I write with regard to the article "Tories bouncing back" (The Argus, February 6).

How amusing that the Labour Party has now realised it is set to lose out at the local elections.

Having met with Councillor Pat Hawkes, written to numerous Green, Tory and Labour councillors about the school admissions review (SAR) and attended the children, families and schools committee meeting last week, I am surprised the party has managed to last this long - and I had been a lifelong Labour supporter.

Pat Hawkes and Jack Hazelgrove sit on the committee and are supposed to represent my neighbourhood.

Instead, we have been abandoned to their personal political agendas.

While the Greens were unmovable in their fight for access to Dorothy Stringer and Varndean for Hanover families, the majority of the Labour councillors representing Coldean, Bevendean and Moulsecoomb chose to ignore the hundreds of pleas from their constituents for a fair deal for their children.

They not only voted for the SAR, relegating our children and Falmer High School to failure because of the lack of a diverse intake, but also used the most diabolical underhand tactics in order to force the proposals through.

Sacking, at the eleventh hour, one of the two Labour committee members who had taken the time to listen and who was voting against the SAR was the final straw for me.
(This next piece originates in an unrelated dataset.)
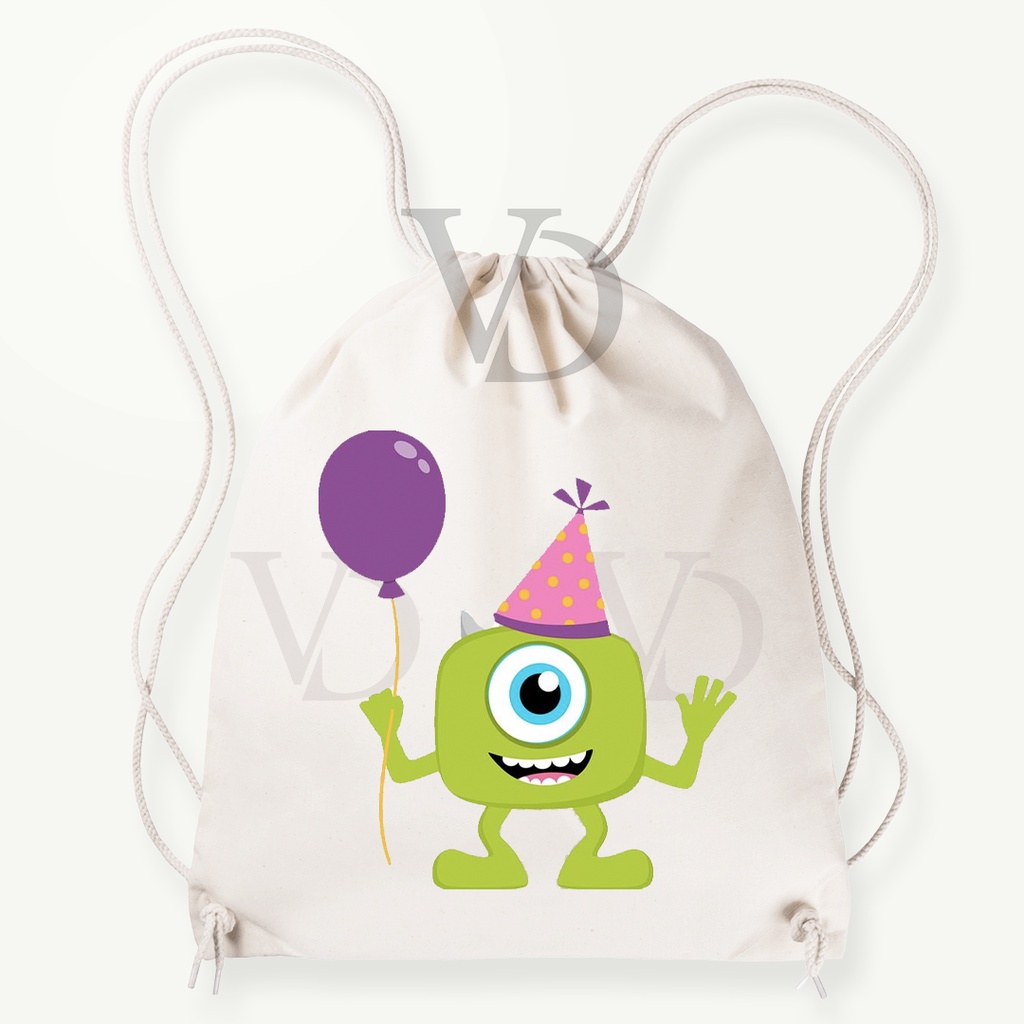 tas serut monster inc pixar disney edisi mike / tas belanja / stringbag canvas / tas kanvas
Or perhaps it was watching Coun Hawkes use her chair's vote over and over again to decide the outcome for our city when every vote was hung.

Anne Meadows was the one Labour councillor left who had some gumption and who spoke with passion and eloquence about the injustice which was about to be done but she had no hope against the Greens and the Labour whip.
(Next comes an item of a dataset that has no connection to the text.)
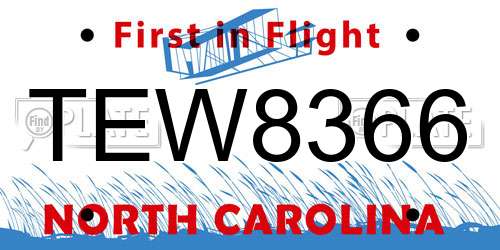TEW8366 North Carolina License Plate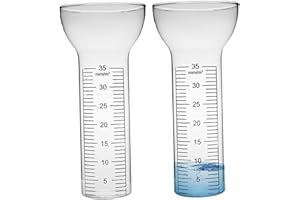 SMELEYOU Rain Gauge Replacement Tube 2Pcs Freeze Proof Glass Rain Gauge Tube with Clear Marks Funnel-Shaped Open Rain Gauges for Yard Garden Water Gauge for Garden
I never thought I'd find myself supporting a Tory, even less cheering and clapping a group of them, but the Conservative members of the committee were taking a stand for the benefit of all the children and schools in Brighton and Hove.

Having listened to the schools and parents who had taken part in the consultation, they attempted to push through amendments which would have made the proposals fairer.

Do the Labour councillors really think the 3,500 voters who signed the petition against the SAR were going to forget by May?